The web-app has been developed purely using JavaScript and HTML5. We have tried to make it work all the popular browsers but the best results can be expected in Google chrome browser. We have tested this application with: Firefox 9+, Internet Explorer 9, Google chrome

3. User Interface (UI)

We have paid lot of attention to the UI. We have iterated through many designs to reach the final view which packs lot of functionalities in a single web view. While keeping it simple, we surface the most relevant information corresponding to the action performed by the user at any moment. We designed the application to be a single page web app for simplicity. Since we use, AJAX based queries to world bank API, no page reloads.

The controls for the simulation are nicely tucked into the left side of the screen as a tile, which is unobtrusive while the results are displayed. This tile has all the major controls for selection/generation of datasets, random samples, Inference variables and plots. Other very specific controls are localized geographically near the response area in the web view.

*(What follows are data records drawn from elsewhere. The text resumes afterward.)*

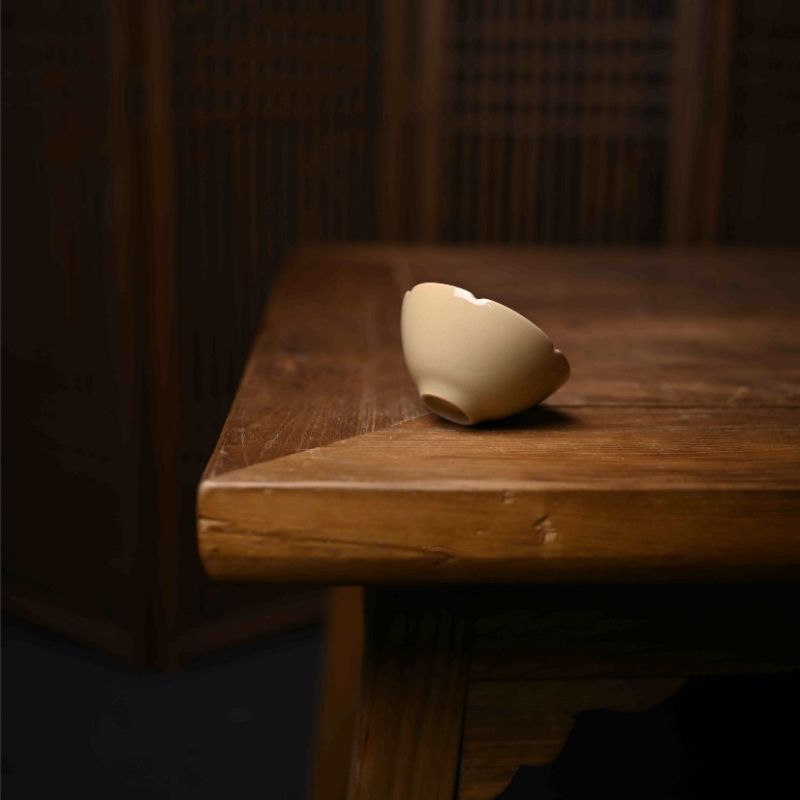 "Petal Bowl” Celadoner Beige Glaze Petal Bowl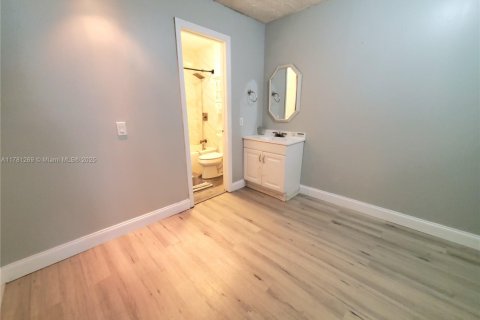 Condominio en venta en North Miami Beach, Florida, 1 dormitorio, 86.4 m2 № 1635604 - foto 7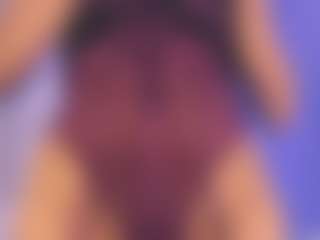 Live cam show with Scarlett-evanss1 - Doggy on Camsoda
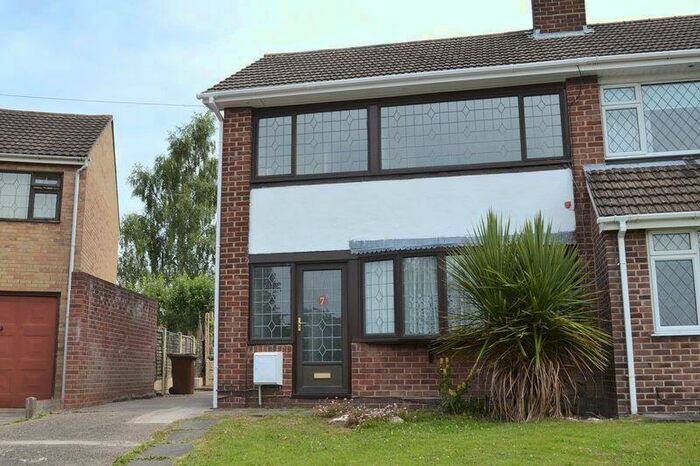 3 Bedroom Semi-Detached House To Rent In Kings Road, Swadlincote, DE11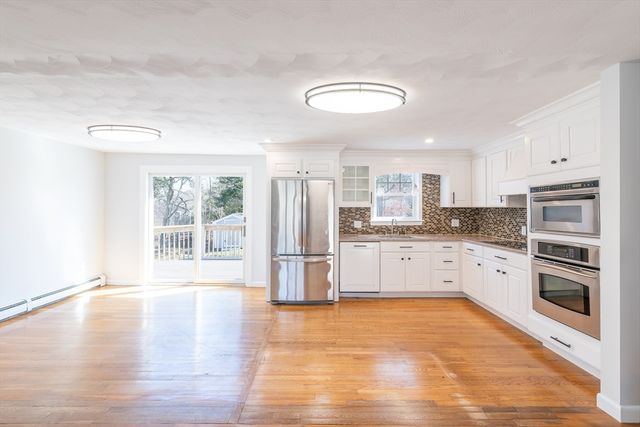 9 Meredith Dr, Falmouth, MA 02536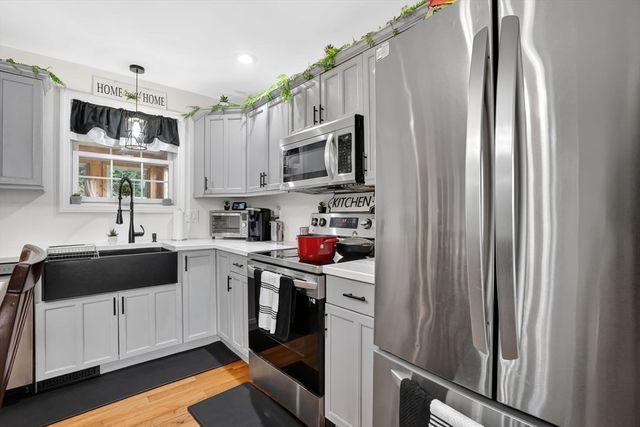 264 E Main St, Chicopee, MA 01020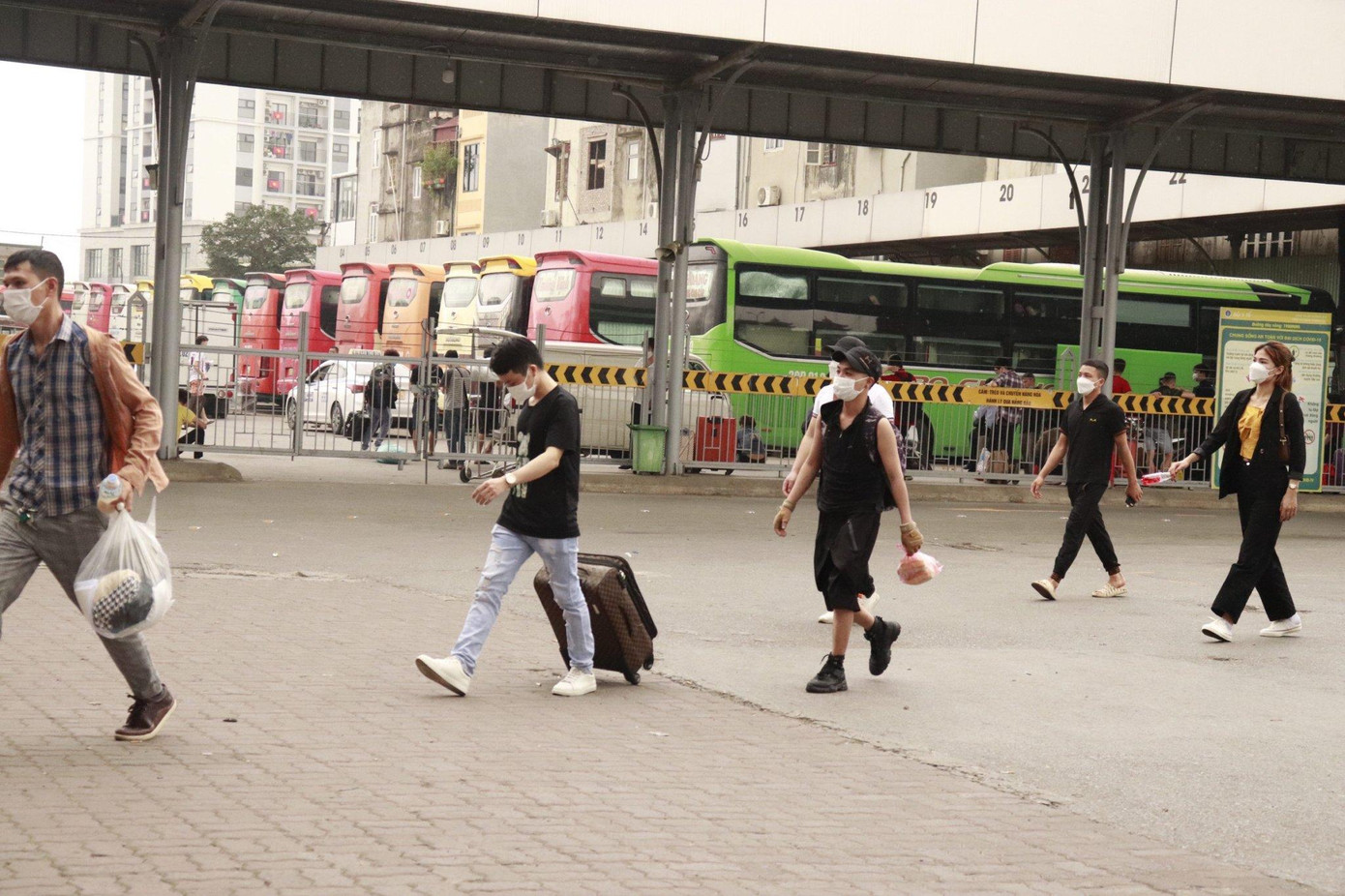 Kỳ nghỉ lễ kéo dài 4 ngày, nhiều sinh viên xa nhà có cơ hội về quê nghỉ ngơi, thăm gia đình và có chuyến du lịch thú vị. Ảnh: Linh Chi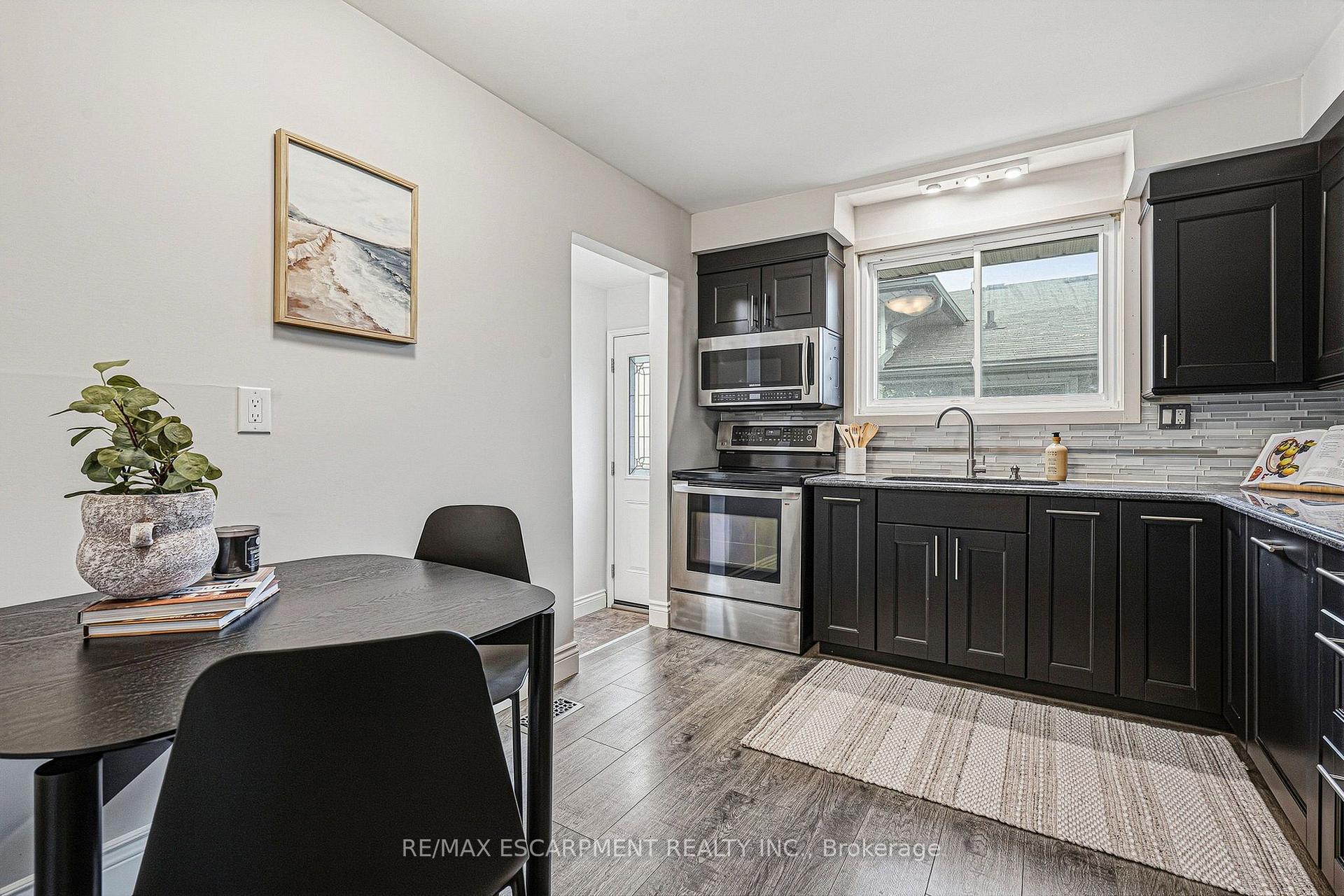 Photo 7 of 2358 Greenbank Trail, Burlington, Brant Hills — HOMEH
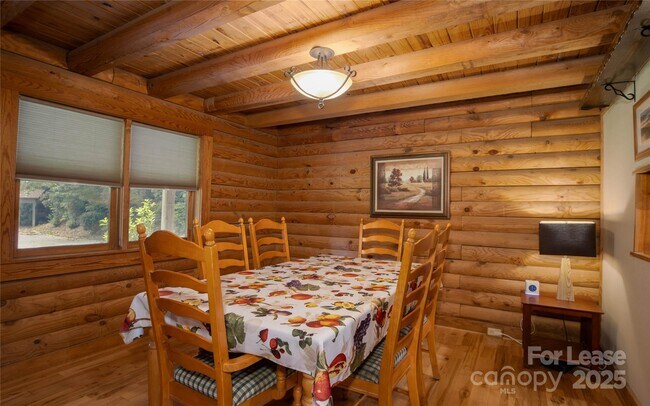 Building Photo - 2038 Toms Creek Rd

The web view is separated primarily into a central accordion tab structure showing all the different checkpoints in the analysis. The central accordion tabs are placed which denote the major access points in the simulation. The right sidebar holds all the random samples in boxes, generated during the experiment. User can navigate to any random sample and visualize it with the action buttons present in the box containing that random sample. The user interface works best on computer browsers. Mobile browsers work just fine with performance directly proportional to computing power of the device. We also implemented a help menu to aid in guiding the user throughout the simulation.

4. Datasets

Just like any statistical analysis, data sits at the centre fueling any logical analysis to be performed by the user. The app was built to cater not just simple explanatory datasets but fairly large and real ones. It currently supports random sample generation, world bank datasets and any tabular datasets of size ~1000 rows. The app currently supports over 20 datasets from the world bank. We intend to expand this number soon. Also, SOCR datasets will be soon integrated into the app increasing available options to users.

Simulation Data

There are set of preloaded virtual experiments which can be used to generate data. For example, user can choose binomial experiment and simulate coin tosses to get an initial dataset let’s say H,T,T,H,T,H,H,H,T (H=head, T=tail).

User-provided Data

There is a spreadsheet available where users can import data spreadsheets into the webapp from external sources using the mouse/keyboard copy-paste functionality. Alternatively, users can import data from the SOCR data archive by providing the unique SOCR data URL address. You can also specify and import data using the WorldBank API.

WorldBank API

The Worldbank API module allows dataset import from Worldbank. There are three components of the API, among with the RESTful version of fetching indicator datasets is used. The parameters supplied are the development indicators and the range of years to be considered for comparison. The application in current version supports 20 development indicators which can be selected from the dropdown menu.

SOCR Datasets

SOCR wiki has a rich collection of curated datasets which have example analysis given to aid students to better understand statistics. Datasets are currently present in wikimedia MySQL database. Efforts are being made to move the datasets to more useful API based service.

5. Framework MVC design

MVC Core

The design of the SOCR Randomization webapp is based on established, reliable and widely used software design pattern – Model-View-Controller (MVC). MVC categorizes the code into logical sections. The business logic resides in the model, in our case the calculations, where numerical manipulations, data and result generation happens occur in the model. View prepares the look and feel of the user interface components and facilitates all user controls and graphics. Finally, the Controller acts as the glue between model and the view components to enable smooth dynamic integration of data, process information, and mediate the user experiences.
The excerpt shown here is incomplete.